December 14, 1996

Common Currency, Uncommon Images

By EDMUND L. ANDREWS

DUBLIN, Ireland -- "Is there space for the queen's head?"

It was the first question to be asked at the public unveiling of the Euro Friday, and it immediately highlighted the prickly sensitivities of persuading Europeans to trade in their marks, francs, pounds and guilders.

A British reporter insisted on knowing about the queen's head, in part because the British have been skeptical of the idea of the Euro in the first place and in part because many have been irked by the European Union's scrupulous effort to stamp out any hint of "national bias" on the new notes.

It did not seem to matter today that Britain was so skeptical about the Euro that it might not join a monetary union anyway, and designers of the new notes were quick to address the British concern.

Not to worry, responded Alexandre Lamfalussy, president of the European Monetary Institute, the precursor of a European central bank that devised the bills for the Euro. Yes, Lamfalussy said, the bills have no national symbols or even any hints of specific national identity.

The Euro will probably be the first Western currency that will not have any graven images of historic figures. Everybody, after all, has to come from some country -- which also means, of course, somebody else's country.

"Why aren't there any people" on the Euro bills? a reporter asked. "Is it because people weren't involved in developing the Euro?"

"People are difficult," Lamfalussy said. "People are personalities, and personalities always belong to a country -- even when they travel a lot."

Nor are there any words on the bills, except Euro, because the words would have to be in one language or another.

Indeed, just to be completely safe, the bills will not feature an image of anything that exists in the real world. The bills' images of sweeping bridges, windows and stone gateways are fictitious.

"The motifs cannot be attributed to any particular monument located in any single country," emphasized a press release from the institute. "Rather they are representative of features which can be found in many parts of Europe."

All of which gets back to the queen's head. In a bow to lingering national loyalties, Lamfalussy explained Friday that a small space had been reserved on one side of each bill.

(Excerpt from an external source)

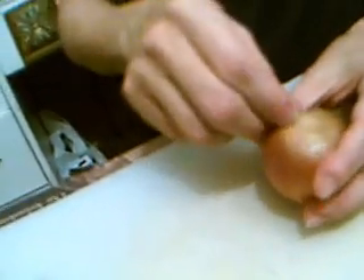Hi, I'm going to show you how to peel an onion. First, take the top and rip off the stalk.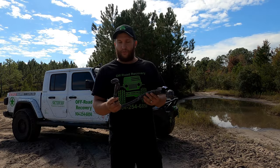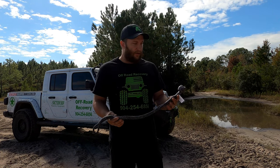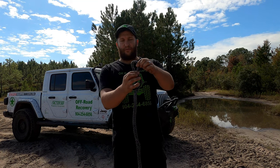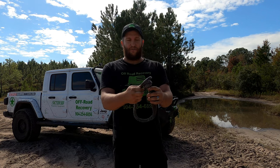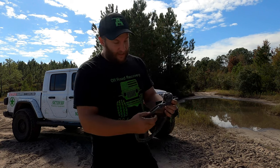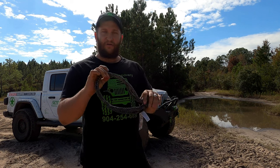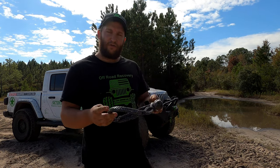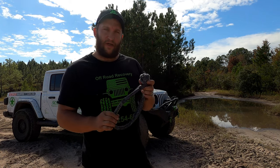Theoretically, soft shackles are just a synthetic winch cable with a diamond knot and a slip loop on one side. To use one, take the side with the slip loop, pull it out to make the hole bigger, put it over top of the diamond knot, and then pull it tight. I like to push that knot all the way up just to make sure it doesn't come off. That is how you use the soft shackle. Let's show some demonstrations in real-life scenarios.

Individual countries, which will print Euros at the mints they now use for their own currencies, will be allowed to use this space for their own "national symbols." So, yes, there is room for the queen's head.

The bills unveiled Friday were the product of more than a year's work, which entailed a fierce competition between different designers. The designs were all vetted by a panel of experts -- not just currency experts, but marketing experts, artists, art historians and advertising gurus. The institute even sampled reactions from about 2,000 people.